Intollerabile è il Messia, l’elettore circonfuso di luce. Colui che sa quale è il voto utile: quello che darà lui. Averlo dietro in coda è come una punizione fisica in un campo di prigionia cambogiano. Entra nel seggio carico come una sveglia.
“ah che meraviglia. Son proprio bei giorni quelli in cui si va a votare. Cioè son proprio momenti di grande coesione sociale parteciativa.”
“si..si è vero ma..”
“fa piacere vedere tutta questa gente che si interessa. Non è vero che c’è disinteresse. Che poi se non lo esercitiamo noi...”
“beh si…è importante, anche se..”
“ che poi per dare una scossa la parte da votare è una…” e se la tua parte non corrisponde alla sua è finita. Ti guarda con lo sdegno e il disgusto dell’esorcista davanti all’indemoniato. Prova a redimerti con l’imposizione delle mani, compie riti sciamanici per convertirti e ti sfinisce con una lunga serie di motivazioni a grappolo che dimostrano incontrovertibilmente che il suo candidato è il re Mida che serviva e il tuo è affidabile come  Hannibal Lecter ad una grigliata. E al tuo turno, fino all’ultimo ti guarda come a dire “ora sai cosa è giusto, va e non peccare più”.
Altro elettore meraviglioso è quello che va a votare come se stesse andando a confessarsi. Che si cosparge il capo di cenere solo per segnare la propria preferenza. E’ quello che  per il resto dell’anno accende l’automobile anche solo per ascoltare la radio e che fa le battute di caccia grossa con i proiettili all’uranio impoverito, ma poi si scopre ambientalista; è quello che per il resto dell’anno si fa le frittate con le uova fabergè, ma poi si scopre proletario; è quello che ha otto figli con cinque donne in tre paesi diversi, ma poi sente il richiamo della famiglia come unità fondamentale della comunità. Praticamente entra che è Willy Wonka ed esce presidente dell’Associazione Nazionale Dentisti Italiani.

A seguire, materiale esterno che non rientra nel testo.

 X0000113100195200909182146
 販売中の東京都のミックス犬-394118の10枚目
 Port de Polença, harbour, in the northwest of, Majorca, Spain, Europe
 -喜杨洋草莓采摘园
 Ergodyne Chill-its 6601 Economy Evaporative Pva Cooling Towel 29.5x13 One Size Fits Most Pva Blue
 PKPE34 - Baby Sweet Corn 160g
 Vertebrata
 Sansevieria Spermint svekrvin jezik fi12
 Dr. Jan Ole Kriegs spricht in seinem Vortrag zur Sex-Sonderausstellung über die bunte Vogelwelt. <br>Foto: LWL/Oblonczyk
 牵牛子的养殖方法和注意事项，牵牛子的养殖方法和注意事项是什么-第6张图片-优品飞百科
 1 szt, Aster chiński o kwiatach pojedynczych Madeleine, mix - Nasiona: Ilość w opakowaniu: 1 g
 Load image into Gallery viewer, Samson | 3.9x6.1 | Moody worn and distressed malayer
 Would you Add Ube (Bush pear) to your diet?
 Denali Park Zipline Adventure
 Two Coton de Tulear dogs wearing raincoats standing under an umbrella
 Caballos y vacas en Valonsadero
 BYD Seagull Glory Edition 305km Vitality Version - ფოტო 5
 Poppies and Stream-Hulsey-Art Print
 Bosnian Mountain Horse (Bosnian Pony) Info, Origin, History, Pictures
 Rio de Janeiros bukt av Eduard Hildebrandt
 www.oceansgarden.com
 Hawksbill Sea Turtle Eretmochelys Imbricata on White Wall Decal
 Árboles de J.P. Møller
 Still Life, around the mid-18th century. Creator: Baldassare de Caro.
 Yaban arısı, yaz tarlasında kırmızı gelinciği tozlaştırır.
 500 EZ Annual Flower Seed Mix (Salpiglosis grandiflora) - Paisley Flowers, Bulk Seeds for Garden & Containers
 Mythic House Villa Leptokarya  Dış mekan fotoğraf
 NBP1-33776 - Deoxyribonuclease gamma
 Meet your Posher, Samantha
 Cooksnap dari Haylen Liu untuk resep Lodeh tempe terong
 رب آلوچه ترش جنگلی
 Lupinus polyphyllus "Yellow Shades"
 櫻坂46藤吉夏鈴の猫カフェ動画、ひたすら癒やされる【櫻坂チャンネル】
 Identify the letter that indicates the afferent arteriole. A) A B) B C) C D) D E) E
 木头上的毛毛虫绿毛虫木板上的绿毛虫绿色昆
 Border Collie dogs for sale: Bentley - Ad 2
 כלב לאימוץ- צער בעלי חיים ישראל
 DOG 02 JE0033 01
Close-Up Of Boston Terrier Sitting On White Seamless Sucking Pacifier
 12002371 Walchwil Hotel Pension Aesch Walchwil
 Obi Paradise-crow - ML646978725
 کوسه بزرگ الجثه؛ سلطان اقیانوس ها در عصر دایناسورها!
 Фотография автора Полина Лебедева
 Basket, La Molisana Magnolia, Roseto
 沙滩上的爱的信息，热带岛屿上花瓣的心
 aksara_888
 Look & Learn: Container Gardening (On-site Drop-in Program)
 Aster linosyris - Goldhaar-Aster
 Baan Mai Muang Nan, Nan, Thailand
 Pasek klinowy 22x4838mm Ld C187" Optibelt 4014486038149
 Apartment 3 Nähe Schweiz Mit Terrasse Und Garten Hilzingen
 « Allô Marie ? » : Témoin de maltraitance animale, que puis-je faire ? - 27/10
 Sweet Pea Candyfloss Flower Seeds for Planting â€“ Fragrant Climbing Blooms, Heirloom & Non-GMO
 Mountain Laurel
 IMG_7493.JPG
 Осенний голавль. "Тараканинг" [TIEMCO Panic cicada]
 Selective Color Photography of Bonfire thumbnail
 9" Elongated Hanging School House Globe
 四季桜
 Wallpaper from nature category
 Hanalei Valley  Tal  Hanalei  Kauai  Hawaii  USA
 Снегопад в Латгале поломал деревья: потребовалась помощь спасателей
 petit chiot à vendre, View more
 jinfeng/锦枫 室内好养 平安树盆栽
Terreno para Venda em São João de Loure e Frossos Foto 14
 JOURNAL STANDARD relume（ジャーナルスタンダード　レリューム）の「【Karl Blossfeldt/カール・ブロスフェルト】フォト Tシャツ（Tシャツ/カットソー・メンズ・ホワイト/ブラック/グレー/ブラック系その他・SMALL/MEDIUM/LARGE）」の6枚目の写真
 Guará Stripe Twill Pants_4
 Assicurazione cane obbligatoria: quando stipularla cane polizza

Altro votante insopportabile è l’eterno inesperto.  Quello che gli spieghi e non capisce. Sbaglia urna, esce tre volte per chiedere se deve votare al contrario come nei referendum, se basta la croce o deve annerire la casella, se per caso gli possono prestare una gomma che ha sbagliato, e che non capisce la differenza tra voto disgiunto e espressione di preferenza. Finisce che vota per Marco Mengoni, ma poi ha l’illuminazione “ah ma io non avevo capito..cioè lei mi aveva detto..quindi dovevo fare cosi..” e se ne va sbuffando e inneggiando al televoto.
Per fortuna poi le elezioni finiscono, tutti vanno a casa, a meditare. Finalmente, per una volta cittadini attivi. Poi vedi i risultati, esulti o ti incazzi, ma non riesci a gioire. Ti manca la soddisfazione vera. Come quando ti sforzi di esultare per un gol a Fifa anche se non stai giocando tu. Hai la sensazione di non partecipare appieno. Il tuo voto interessava fino un attimo prima di essere espresso. Poi basta. Chi è eletto ricomincia a girare in auto blu e tu smadonni per dover allungare il pieno col dado Knorr. Ti dimentichi che essere cittadino attivo non è solo votare, ma è essere attento, presente, informato. E’ rispettare la tua comunità e i luoghi che le appartengono. Fare volontariato. E’ osservare la legge, ma più banalmente è avere decoro e comune senso civico. Votare non è un buono cumulativo di cittadinanza: dato che ho votato posso posteggiare 10 volte in doppia fila, non chiedere 7 scontrini e taccheggiare due robine al supermercato. E invece sembra che votare abbia l’effetto della sveglia quando suona la mattina presto: ti desta un attimo, tu la guardi, la spegni e ti volti dall’altra parte. Ma il voto è un cuscino scomodo su cui dormire. Un voto dato in questo modo non conta, ma si sconta, prima o poi.